The Food Lab: Better Home Cooking Through Science

(Nandana) #1

  • Other grains, like rice flour or cornstarch or corn
    flour, can have varying effects. Rice flour and cornstarch
    can be used to dilute the protein concentration of pure
    wheat flour, giving the batter a lighter structure (you still
    need at least bit of protein, or it won’t have any structure
    at all). Corn flour has larger grains than wheat flour, which
    add the crunch you get in a hush puppy or good corn dog.
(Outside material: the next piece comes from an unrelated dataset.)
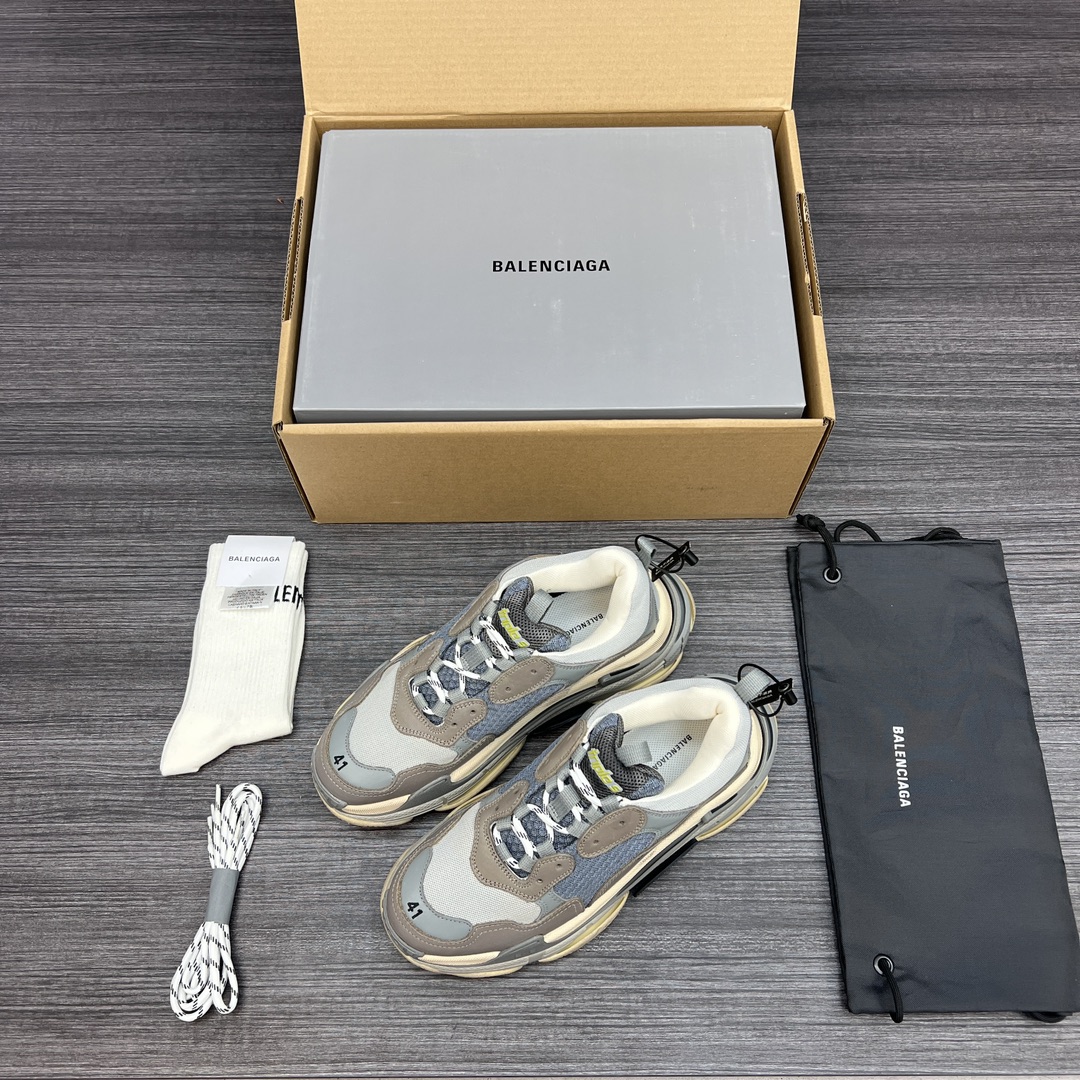 NO:165055,: Pure original and old version Balenciaga Triple S First Generation Balenciaga Original Replica Unlimited restoration of ZP correct font thickness, position, size, and correct side breathable holes. The correct last makes the shoes not lose their feet when worn, and the wrapping is very comfortable. Pay attention to the distinction: mark one shoe with one size for foot pads!  Upper: imported top layer cowhide, ZP uniform yarn mesh. Outsole: It is made of eight-layer combination sole, TPU foam soft sole, original consistent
The first order of business with any batter is to get the
consistency right. Too thick, and it comes out bready; too
thin, and it doesn’t offer enough protection. It’s also
essential to balance leavening power and gluten
development. Too little leavening, and you get a hard, tough
shell; too much, and your batter will overinflate and strip
itself off your food.
Rather than using straight-up flour for my batter, I use a
combo of flour and cornstarch, which reduces the amount of
gluten formed—the protein network that can cause a batter
to become leathery and tough. Gluten formation is also
increased with excessive stirring, so mixing the batter with a
whisk or a pair of chopsticks just until it barely comes
together is the way to go. A few spots of raw flour are
perfectly fine.
There are a couple reasons to use beer. First off, sugars
present in the beer will increase the brownability of the
batter. The bubbles are also essential—they create the tiny,
tiny pockets inside a good batter that add to our perception
of crunchiness; it’s really just a little boost for the baking
powder, which performs a similar function.